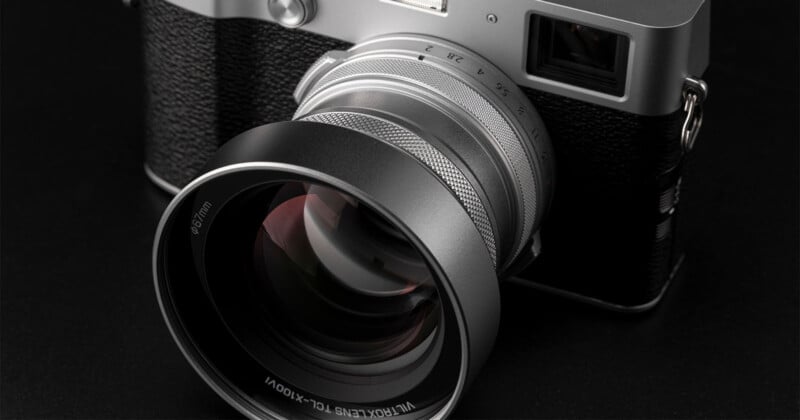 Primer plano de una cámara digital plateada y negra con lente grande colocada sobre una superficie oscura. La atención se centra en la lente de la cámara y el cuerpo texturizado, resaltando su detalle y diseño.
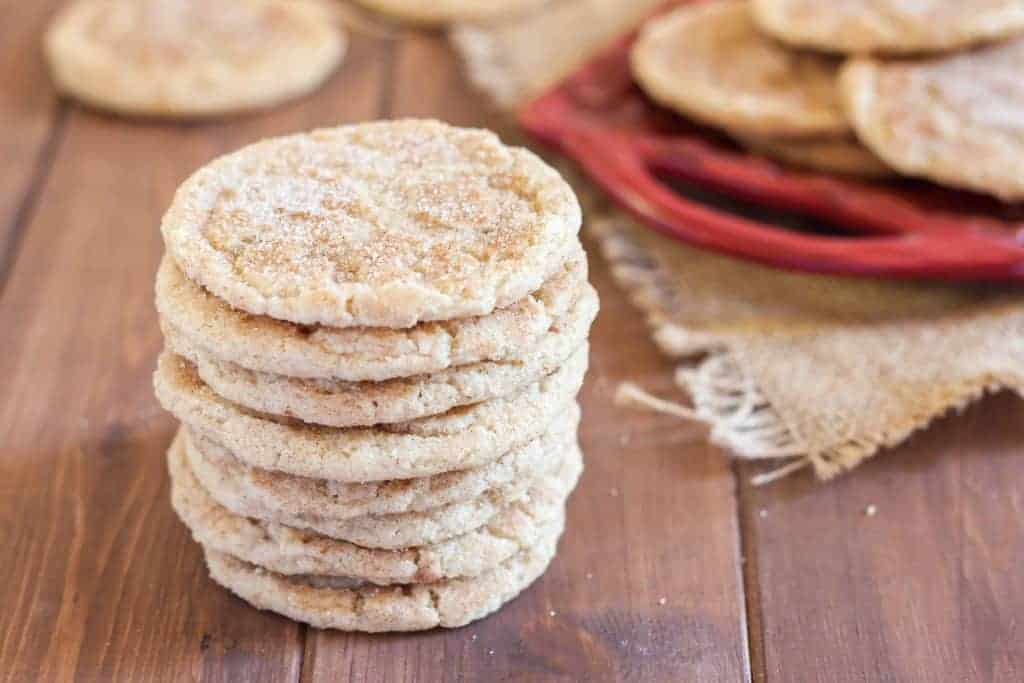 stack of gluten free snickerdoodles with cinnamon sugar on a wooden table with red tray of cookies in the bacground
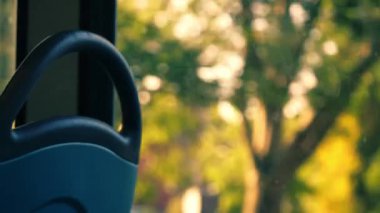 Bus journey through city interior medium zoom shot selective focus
==
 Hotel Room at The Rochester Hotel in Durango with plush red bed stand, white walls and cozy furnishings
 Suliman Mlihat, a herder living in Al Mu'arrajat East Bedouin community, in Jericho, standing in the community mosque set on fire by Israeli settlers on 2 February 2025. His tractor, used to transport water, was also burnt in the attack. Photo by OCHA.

PROBLEM TO SOLVE
Without the pictures, set down the lines above from the line with "stack of gluten" up to and including the line with "Bus journey through" exactly as they stand.

YOUR SOLUTION
 stack of gluten free snickerdoodles with cinnamon sugar on a wooden table with red tray of cookies in the bacground
 Bus journey through city interior medium zoom shot selective focus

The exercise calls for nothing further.